Short web captions
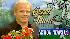 Dave Roberts' green thumb ::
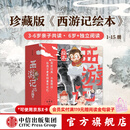 中信出版中信旗舰店西游记绘本平装版（1-15） 【3-6岁绘本】狐狸家著 儿童绘本 中信出版社图书 西游记绘本平装版（1-15）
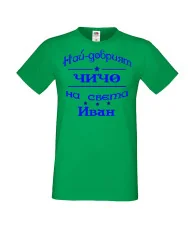 Мъжка тениска Ивановден На най-добрия ЧИЧО на света ИВАН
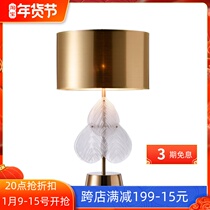 Modern bedroom bedside lamp designer leaf glass light luxury table lamp living room model home decoration golden table lamp
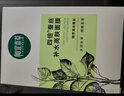 相宜本草【张凌赫同款】四倍蚕丝补水保湿亮肤透润面膜套装30片礼物 实拍图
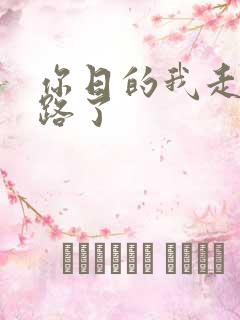 你日的我走不了路了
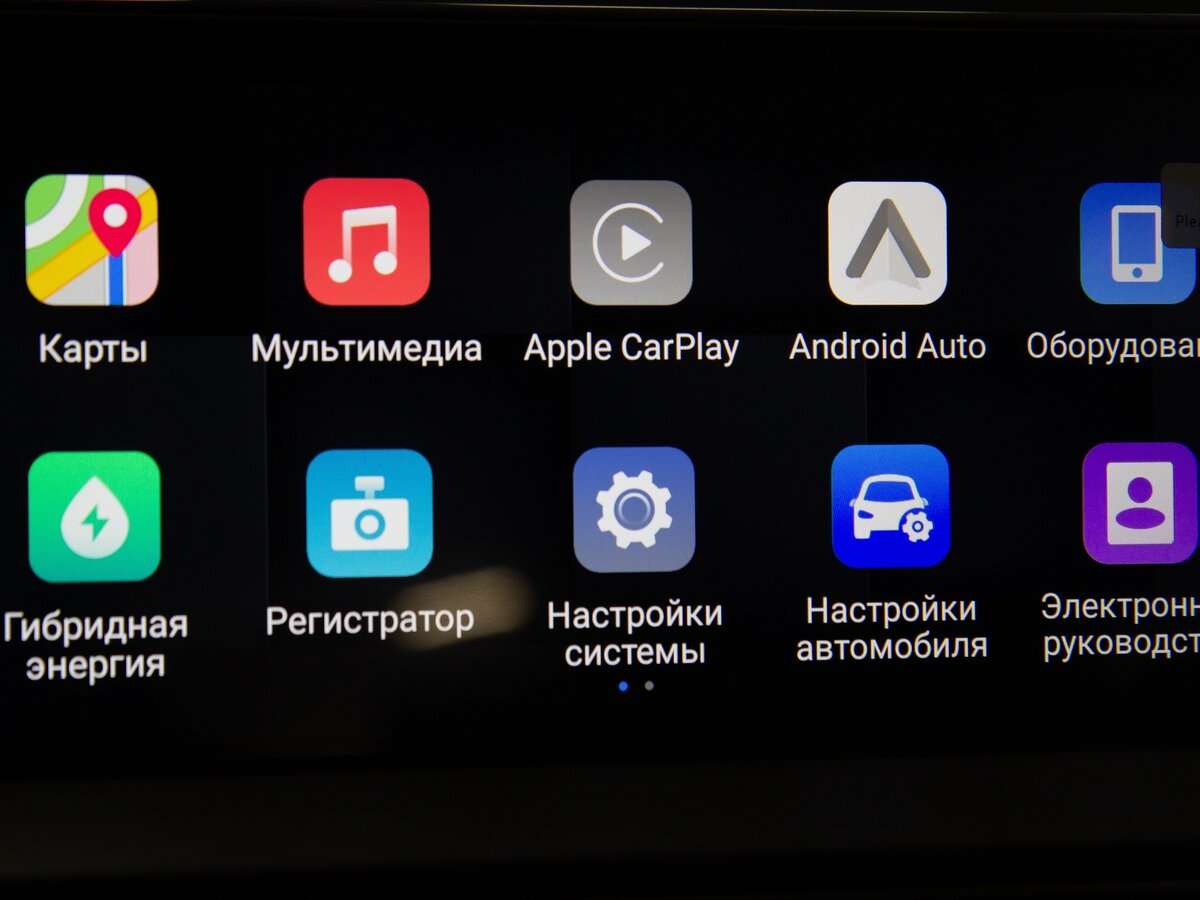 Купить Chery Tiggo 7 Pro Plug-in Hybrid с пробегом. Фото: #22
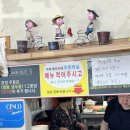 모아나스테이 | 아이와 제주여행 | 2일차 유달 짬뽕, 돈내코계곡 원앙폭포, 성산일출봉 포토존, 어라운드폴리...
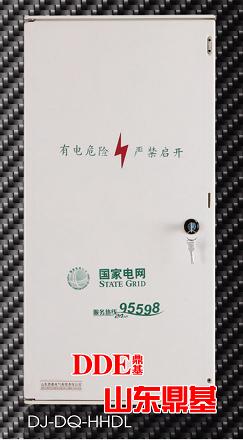 配電箱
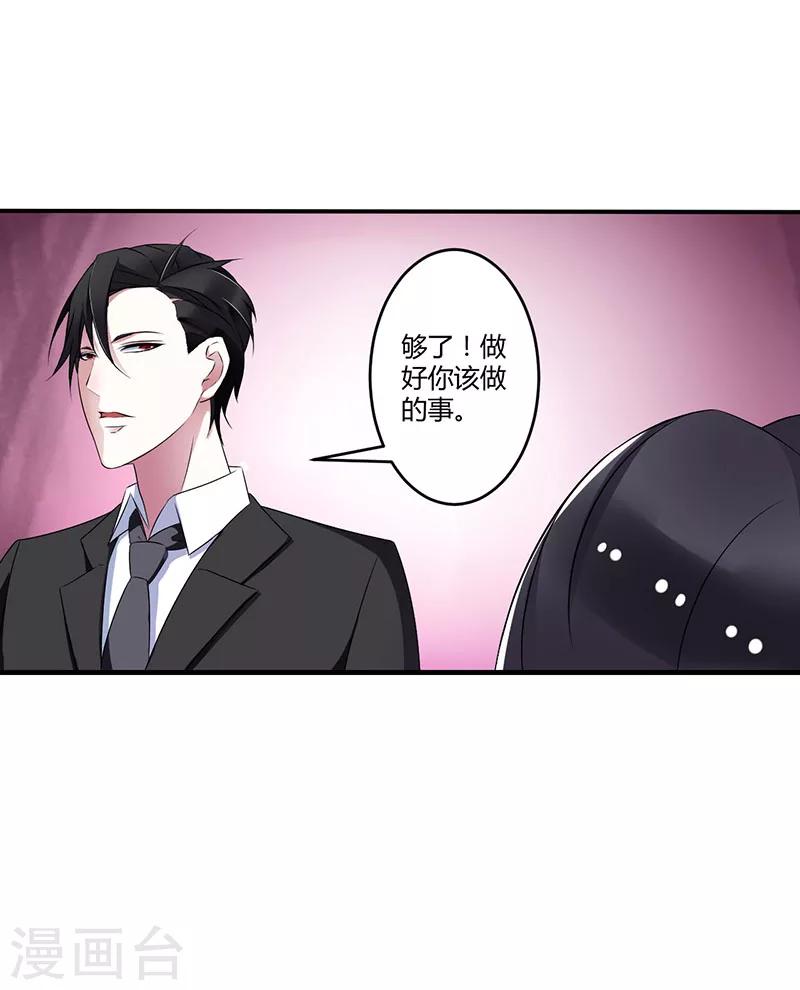 《总裁的私人秘书》第24话 爱情岂能将就 第2页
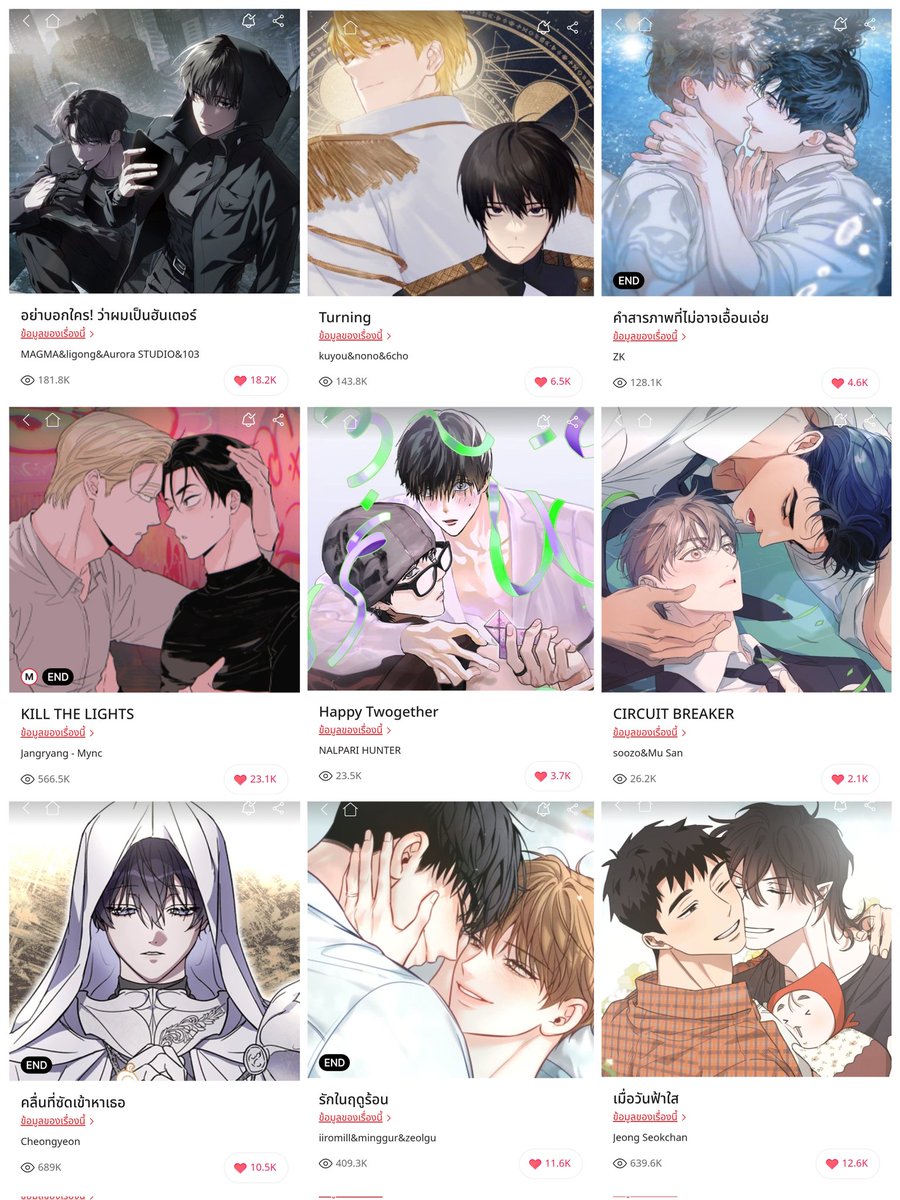 azukajun tweet media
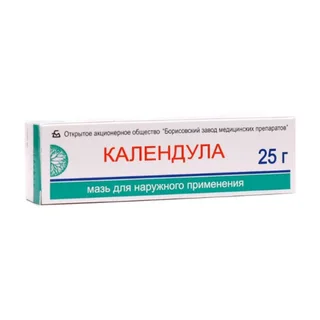 Календула Мазь Туба 25 гр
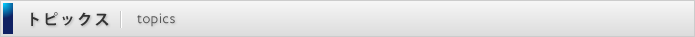 トピックス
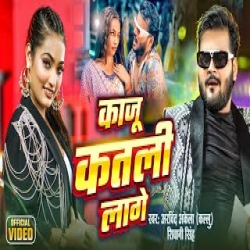 Kaju Katli Lage - Arvind Akela Kallu, Shivani Singh Mp3 Song
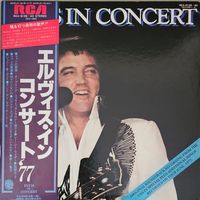 Elvis Presley. Elvis in Concert (FIRST PRESSING) OBI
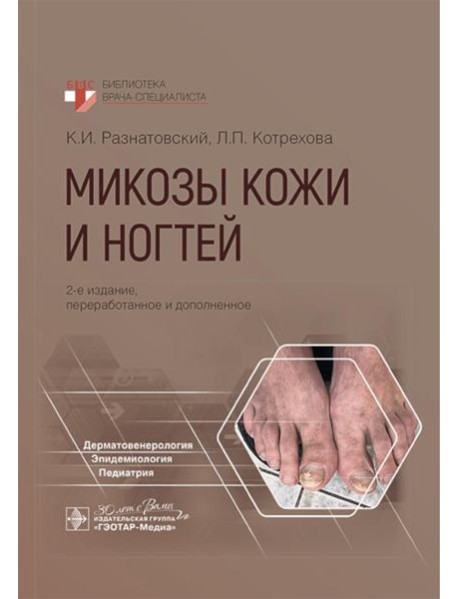 Микозы кожи и ногтей. 2-е изд., перераб. и доп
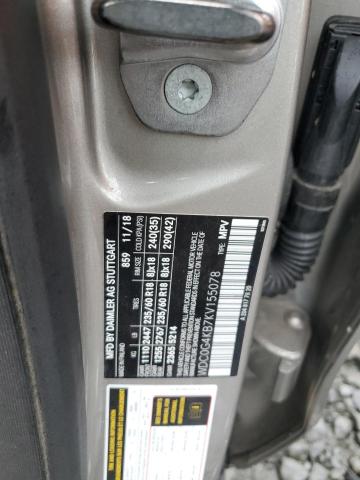 2019 MERCEDES-BENZ GLC 300 4M WDC0G4KB7KV155078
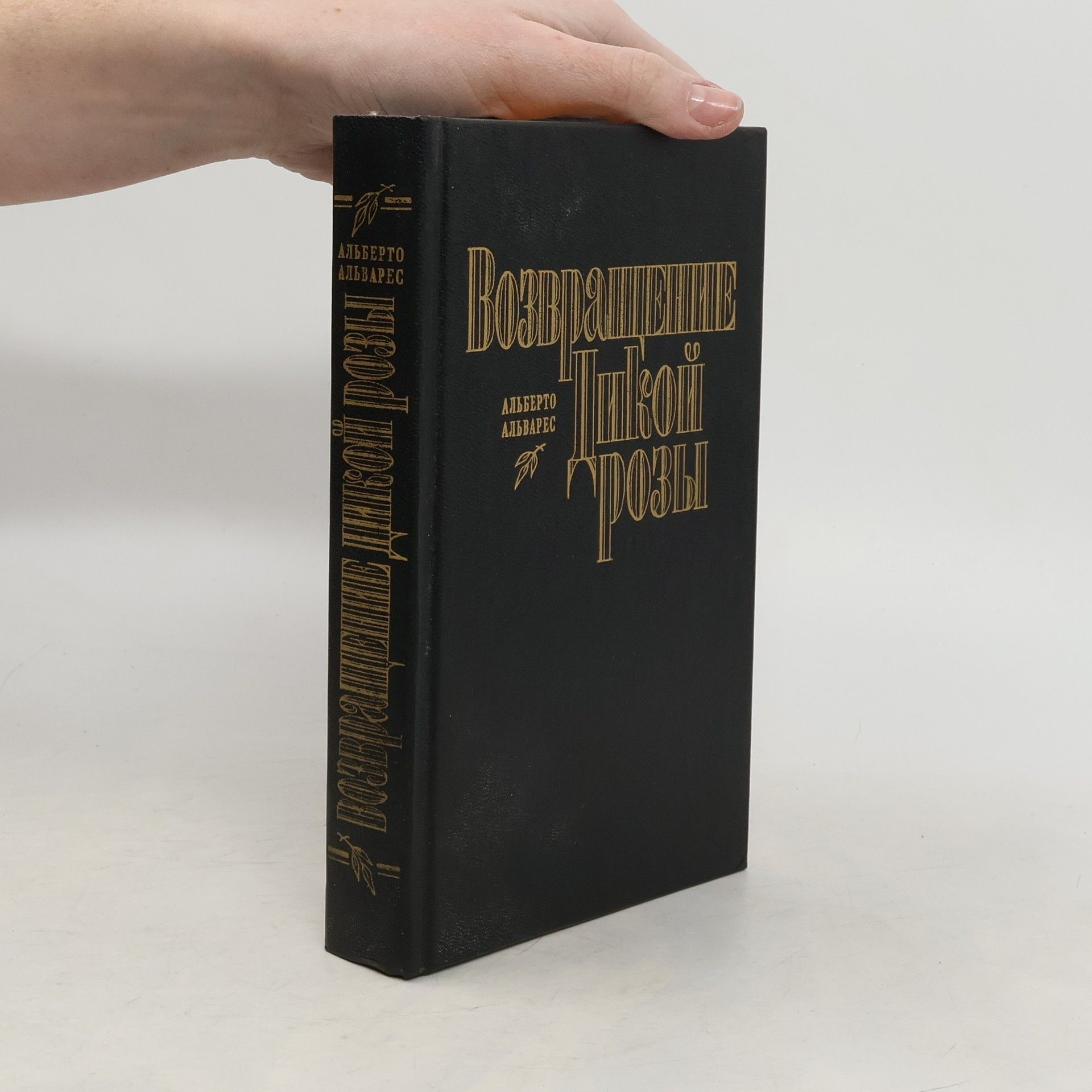 Al Alvarez Дикая Роза. Возвращение Дикой Розы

# [WORK REQUEST]
Give the data again exactly as it appears, but without any images.

# [SOLUTION TO THIS EXERCISE]
 Dave Roberts' green thumb ::
 中信出版中信旗舰店西游记绘本平装版（1-15） 【3-6岁绘本】狐狸家著 儿童绘本 中信出版社图书 西游记绘本平装版（1-15）
 Мъжка тениска Ивановден На най-добрия ЧИЧО на света ИВАН
 Modern bedroom bedside lamp designer leaf glass light luxury table lamp living room model home decoration golden table lamp
 相宜本草【张凌赫同款】四倍蚕丝补水保湿亮肤透润面膜套装30片礼物 实拍图
 你日的我走不了路了
 Купить Chery Tiggo 7 Pro Plug-in Hybrid с пробегом. Фото: #22
 모아나스테이 | 아이와 제주여행 | 2일차 유달 짬뽕, 돈내코계곡 원앙폭포, 성산일출봉 포토존, 어라운드폴리...
 配電箱
 《总裁的私人秘书》第24话 爱情岂能将就 第2页
 azukajun tweet media
 Календула Мазь Туба 25 гр
 トピックス
 Kaju Katli Lage - Arvind Akela Kallu, Shivani Singh Mp3 Song
 Elvis Presley. Elvis in Concert (FIRST PRESSING) OBI
 Микозы кожи и ногтей. 2-е изд., перераб. и доп
 2019 MERCEDES-BENZ GLC 300 4M WDC0G4KB7KV155078
 Al Alvarez Дикая Роза. Возвращение Дикой Розы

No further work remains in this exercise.